Abstract :
Background: Serum hepatitis B surface antigen (HBsAg) level is a serum marker that correlates with
intrahepatic covalently closed circular DNA (cccDNA) and could also predict liver-related diseases but the role in
predicted significant liver histology in treatment naive HBeAg-negative CHB patients that had indication for liver
biopsy as AASLD and APASL guidelines is still unknown.
Aims: To evaluate the association of serum HBsAg level, intrahepatic HBsAg and other clinical and
laboratory parameters with significant liver necroinflammation as defined by histologic activity index (HAI)
necroinflammatory activity score ≥ 4 or Metavir necroinflammatory activity score ≥ 2 and significant liver fibrosis
as defined by Metavir fibrosis score ≥ 2 in treatment naïve HBeAg-negative CHB patients which had HBV DNA
level ≥ 2,000 IU/mL and age ≥ 40 years or ALT 40-79 U/L.

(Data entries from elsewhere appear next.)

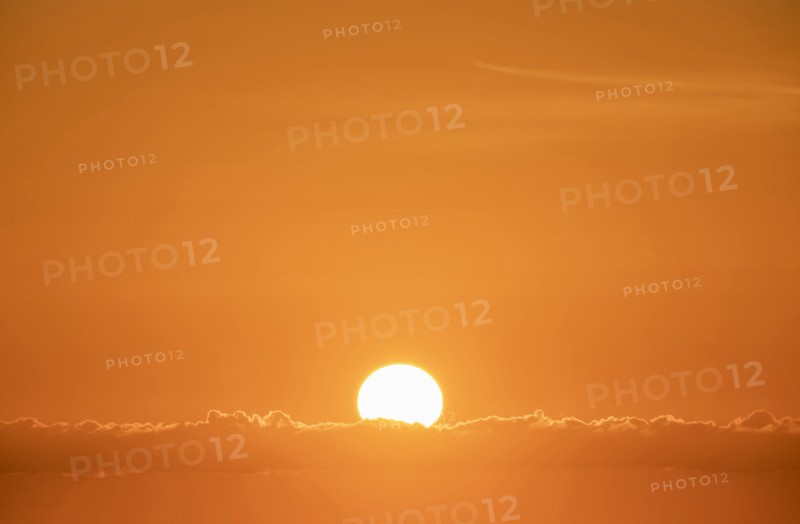 Sun rising in orange sky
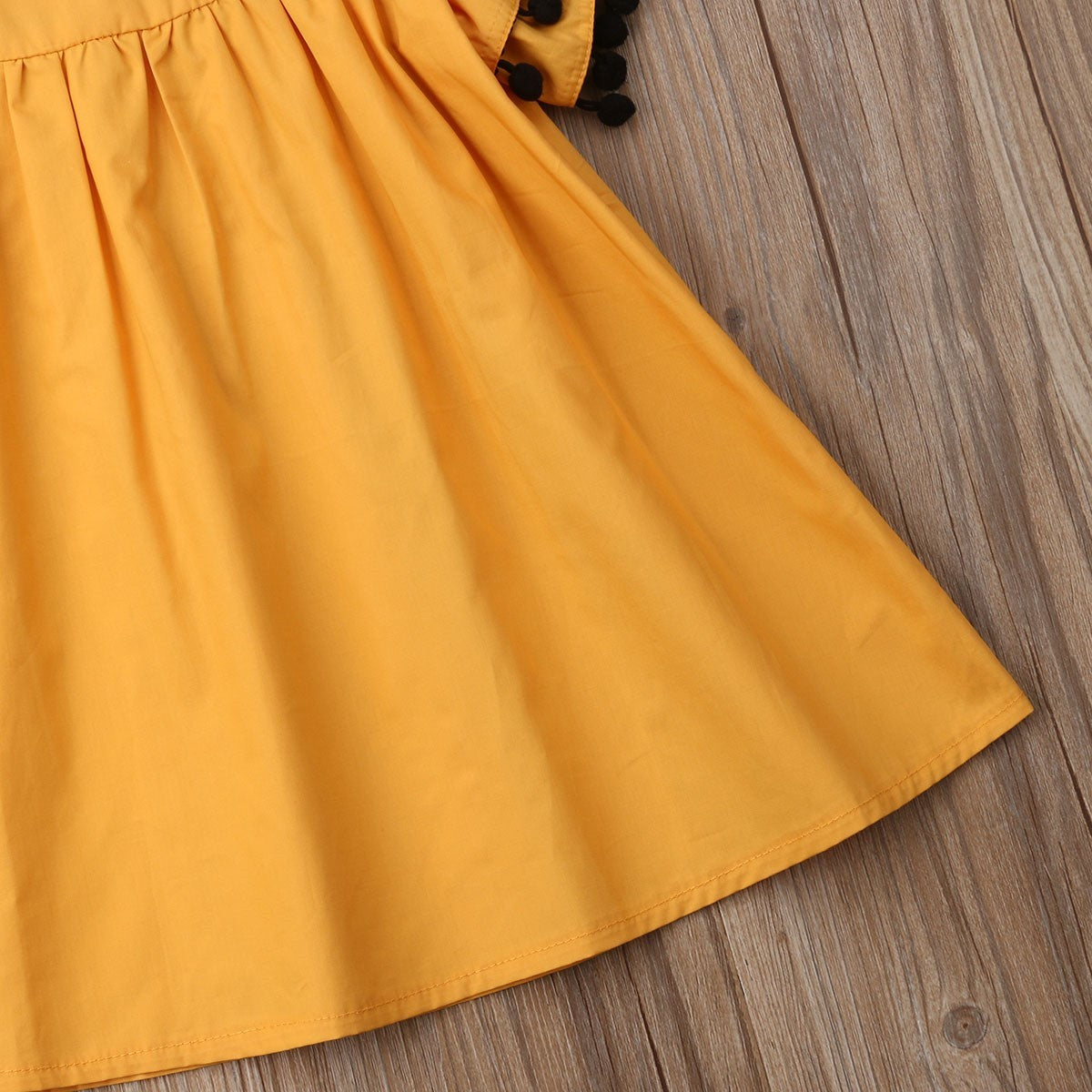 Baby Girl Ruffle Sleeve Cotton Dress with Pom Pom Trim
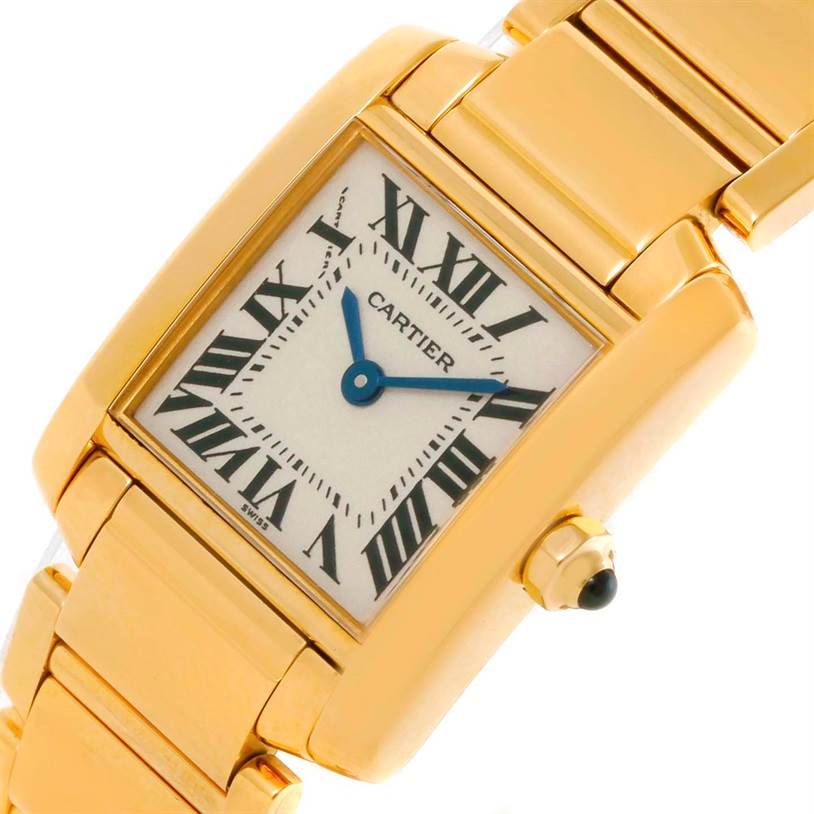 The angled view of the Cartier Tank Francaise W50002N2 Women's Yellow Gold Silver Dial W50002N2 Women's Yellow Gold Silver Dial shows the face, gold case, bracelet, and crown with a blue cabochon.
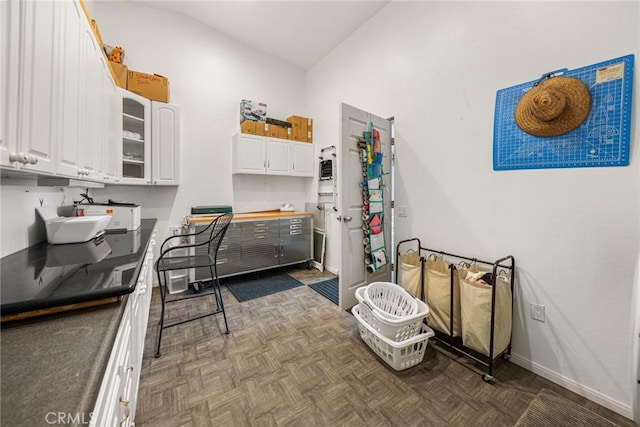 interior space featuring baseboards, lofted ceiling, white cabinets, and glass insert cabinets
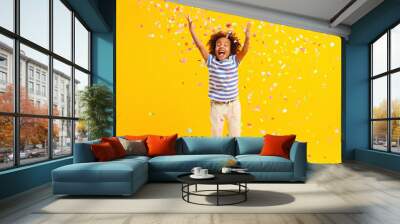 Excited African American kid jumping and catching confetti in studio Wall mural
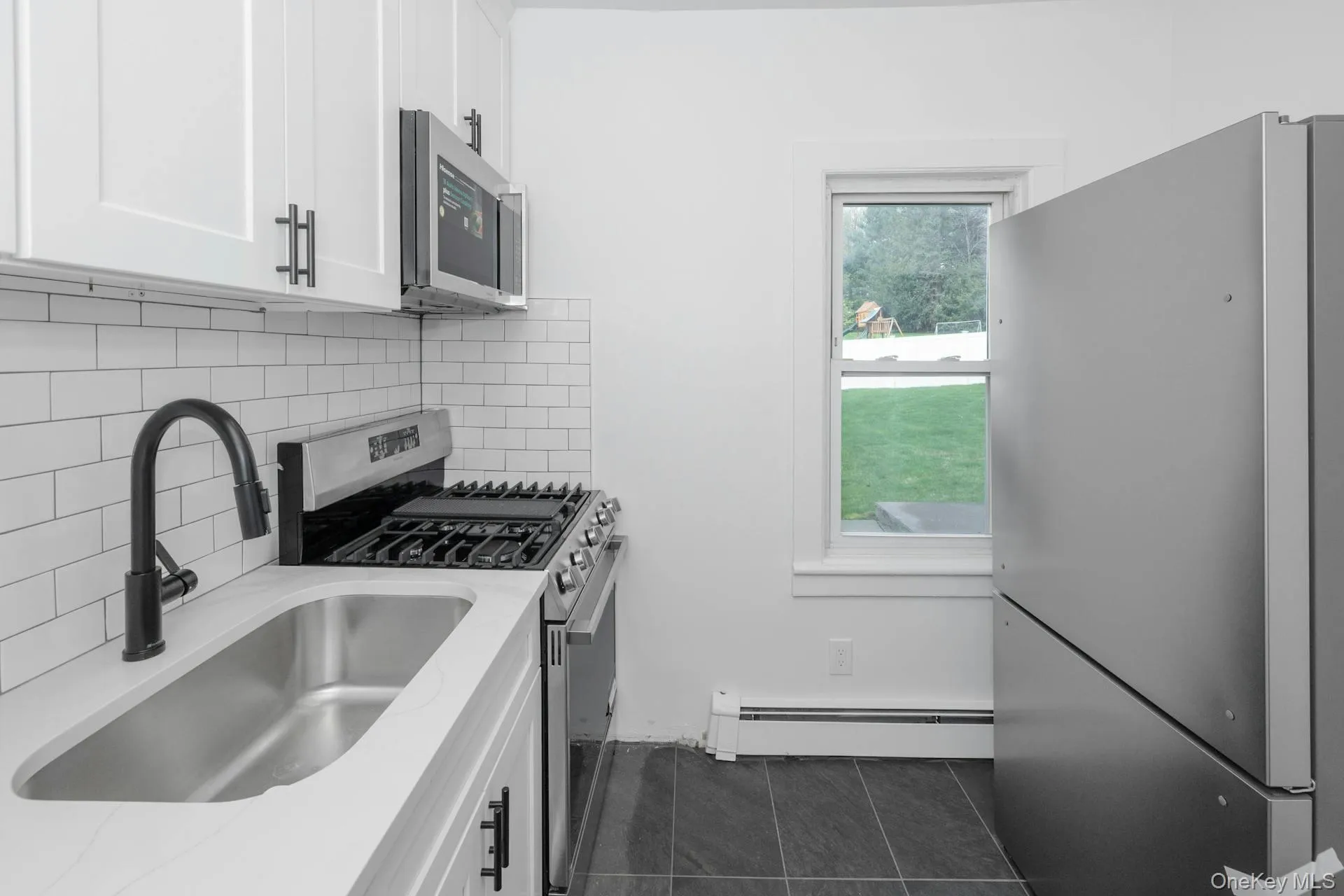 Kitchen featuring appliances with stainless steel finishes, white cabinetry, tasteful backsplash, a baseboard heating unit, and light stone countertops Kitchen featuring appliances with stainless steel finishes, white cabinetry, tasteful backsplash, a baseboard heating unit, and light stone countertops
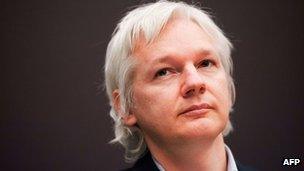 Julian Assange attends a press conference in London, 1 December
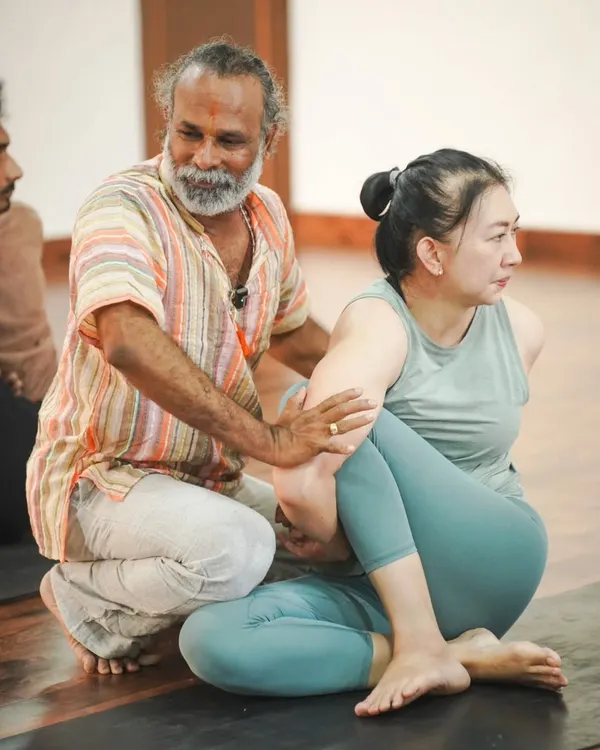 This is the heart of my practice: guiding you with hands-on assistance to find safe alignment and a deeper understanding of the pose. Here, I am helping a student find space and ease in a seated twist.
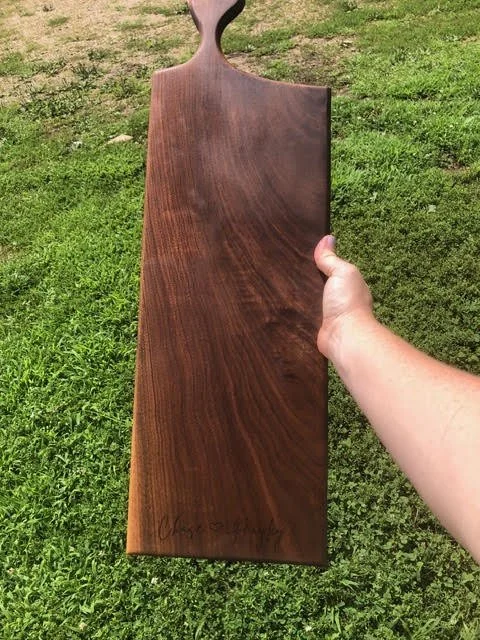 Handcrafted long wooden serving board with rich dark grain, a rounded handle, and personalized engraving near the bottom.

Methods: Twenty-two patients were prospectively included in the study. Serum HBsAg level that was
performed by enzyme immunoassay and other parameters were collected within 2 weeks of liver biopsy. Immunohistochemical
(IHC) staining for HBsAg in liver tissue was examined in terms of location, area of involvement and
intensity.
Results: Mean age of patients was 48±9 years. Male was equal to female. There were 5 patients (23%)
with significant liver inflammation and 7 patients (32%) with significant liver fibrosis. Serum HBsAg level did not
associated with both significant liver inflammation and fibrosis [median (IQR) 3.45 (0.45) vs. 3.50 (0.34), p =
0.225 and 3.35 (0.45) vs 3.50 (0.49), p = 0.698]. Intra-hepatic HBsAg also did not have association in all terms of
evaluation. Factors that associated with significant liver inflammation were lower BMI [21.55 (2.59) kg/m2 vs.
24.69 (5.21) kg/m2, p = 0.046] and higher alkaline phosphatase (85.0±16.7 vs. 59.4±11.7 U/L, p = 0.001). While
factor that associated significant liver fibrosis were lower age (42.7±8.4 vs. 50.7±8.2 years, p = 0.047). On multivariate
analysis, only HBV DNA level > 5.5 log IU/mL could predict significant liver fibrosis (OR 28.012, 95% CI,
1.631-481.240 p = 0.022) and its sensitivity, specificity, positive predictive value and negative predictive value
were 71.4%, 93.3%, 83.3% and 87.5% respectively. There were no factors which predict significant liver inflammation.
Conclusions: Serum HBsAg level and intrahepatic HBsAg didn’t associate with significant liver histology
in HBeAg-negative CHB patients that had indication for liver biopsy as recommendation by AASLD and
APASL guidelines. HBV DNA level > 5.5 log IU/mL was the only factor that could predict significant liver fibrosis
in this group of patients.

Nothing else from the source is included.